Closed rose-jinyang closed 3 years ago
According to the code, both images and mask have three channels (see init of dataloader class).
Now if you see the description in section ' Data-loader and Augmentations' in ipynb, it says: If your masks are not in raw format, then you need to convert them into sparse labels(color indexed) for training with SparseCategoricalCrossentropy loss (i.e 0 for bg and 1 for fg)
Hi Thanks for your reply. You used the pre-processed of AISegment in slim512.ipynb. Could u share the dataset or its part? I want to know if your mask PNG file format is same as the original AISegment mask(matting) image. Thanks
Off-course, its preproceesed before training and therefore it's different. Now it becomes a binary mask as i mentioned previously(0 or 1 pixel values only), in png format.
If you are concerend about decode_jpeg in the code, check out stackoverflow
What is the structure of each image in msk_uint8.npy.
This is your code that make a numpy file for mask image.
Well, you can easily try the code on a folder with images and see for yourself. The final numpy array dataset is in format NHWC i.e N- number of images, H,W are height and width C i.e channels will be 1 in this code for mask images(as per keras requirements). In this case the loss function is differrent i.e BCE loss and we use sigmoid as last activation(see portrait_segmentation.ipynb). Also ,here mask values are 0 and 255.
So, in the aforementioned code each image would a mask(binary) with 1 channel dimension say 128x128x1, if input image is of size 128..
But we are not using this code in slim-net ; we directly use the image paths of preprocessed images in the data loader class , SparseCategoricalCrossentropy loss as loss function and mask values 0 or 1.
Thanks for your kind explanation
Hi Could u provide a script to convert the original AISegment mask image? Thanks
Sorry, i think there should be a clarification .. Actually if you see the code, the mask images in the datasets should have 1 channel. The value 3 in the loader class is just a default value;but we override them when we call the data loader as shown below.
# Initialize the dataloader object
train_dataset = DataLoader(image_paths=train_image_paths,
mask_paths=train_mask_paths,
image_size=512,
crop_percent=0.8,
channels=[3, 1], # **here 1 refers to the mask channel**
seed=47)
So when you prepare alpha mask from aisegment dataset, single channel is sufficient.

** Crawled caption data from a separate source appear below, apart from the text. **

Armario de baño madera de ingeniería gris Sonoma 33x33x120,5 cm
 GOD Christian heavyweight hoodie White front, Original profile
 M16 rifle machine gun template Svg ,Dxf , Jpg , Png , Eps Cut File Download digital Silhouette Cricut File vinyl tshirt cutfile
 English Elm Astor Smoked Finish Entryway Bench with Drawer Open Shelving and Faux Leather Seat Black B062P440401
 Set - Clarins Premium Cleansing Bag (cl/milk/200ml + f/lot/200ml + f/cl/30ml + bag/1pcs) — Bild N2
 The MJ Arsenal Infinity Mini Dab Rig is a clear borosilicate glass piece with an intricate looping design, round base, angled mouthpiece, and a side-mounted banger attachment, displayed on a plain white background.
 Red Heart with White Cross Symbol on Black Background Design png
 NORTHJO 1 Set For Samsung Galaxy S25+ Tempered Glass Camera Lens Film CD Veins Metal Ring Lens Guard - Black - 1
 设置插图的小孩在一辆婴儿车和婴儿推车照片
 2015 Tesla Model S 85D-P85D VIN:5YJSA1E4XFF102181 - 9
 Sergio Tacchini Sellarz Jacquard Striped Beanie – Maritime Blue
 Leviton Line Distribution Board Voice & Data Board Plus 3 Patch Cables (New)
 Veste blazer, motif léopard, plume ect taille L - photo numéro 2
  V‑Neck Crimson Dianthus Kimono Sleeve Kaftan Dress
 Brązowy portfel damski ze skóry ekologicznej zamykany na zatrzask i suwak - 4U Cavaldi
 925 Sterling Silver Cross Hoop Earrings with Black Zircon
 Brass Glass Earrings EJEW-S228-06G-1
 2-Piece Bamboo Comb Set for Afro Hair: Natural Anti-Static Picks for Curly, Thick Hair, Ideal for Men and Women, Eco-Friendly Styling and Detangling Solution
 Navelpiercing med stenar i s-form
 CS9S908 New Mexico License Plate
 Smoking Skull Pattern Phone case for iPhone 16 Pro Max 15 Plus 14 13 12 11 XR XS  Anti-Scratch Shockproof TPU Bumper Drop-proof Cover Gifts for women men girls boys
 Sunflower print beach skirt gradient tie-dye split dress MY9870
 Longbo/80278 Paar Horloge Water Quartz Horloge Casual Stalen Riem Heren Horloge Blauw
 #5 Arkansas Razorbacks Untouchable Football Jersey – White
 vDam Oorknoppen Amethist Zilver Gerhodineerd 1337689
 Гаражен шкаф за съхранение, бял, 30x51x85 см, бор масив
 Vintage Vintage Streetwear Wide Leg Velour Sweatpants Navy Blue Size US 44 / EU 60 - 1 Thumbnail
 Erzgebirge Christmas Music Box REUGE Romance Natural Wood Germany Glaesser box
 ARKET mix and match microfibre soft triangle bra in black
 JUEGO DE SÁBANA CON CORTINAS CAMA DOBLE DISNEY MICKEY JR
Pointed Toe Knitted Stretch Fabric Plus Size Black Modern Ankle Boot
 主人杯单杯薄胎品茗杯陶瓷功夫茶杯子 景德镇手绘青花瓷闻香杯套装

Now, here is a rough idea for the preprocessing the aisegment dataset mask
import numpy as np
import cv2
import imageio
# Save the rgb input image
image= cv2.imread('jpg image file path') // Original input image
image=image[...,0:3] // Only include RGB channels from original image
imageio.imsave('image_1.jpg',image)
# Save the alpha mask from matting masks
in_image = cv2.imread('png image file path', cv2.IMREAD_UNCHANGED) // matting mask of aisegment dataset
alpha = in_image[:,:,3] // Get alpa channel from 4 channel matting mask
// Convert to binary mask
alpha[alpha>=127]=1
alpha[alpha<127]=0
// Now save the binary mask with single channel
imageio.imsave('alpha_1.png',alpha)
Thank you very much.
Hi By your help, I started to train a new model with Slim-Net on AISegment dataset. But The training acc is 0.9688 and validation acc is 1.0 after the first epoch. After the second epoch, both the training acc and validation acc are 1.0.
How should I understand this?
Hello By your help, I started to train a new model with Slim-Net on AISegment dataset. But The training acc is 0.9688 and validation acc is 1.0 after the first epoch. After the second epoch, both the training acc and validation acc are 1.0.How should I understand this?
On Monday, September 7, 2020, 09:12:14 PM GMT+8, anilsathyan <notifications@github.com> wrote:
Sorry, i think there should be a clarification .. Actually if you see the code, the mask images in the datasets should have 1 channel. The value 3 in the loader class is just a default value;but we override them when we call the data loader as shown below.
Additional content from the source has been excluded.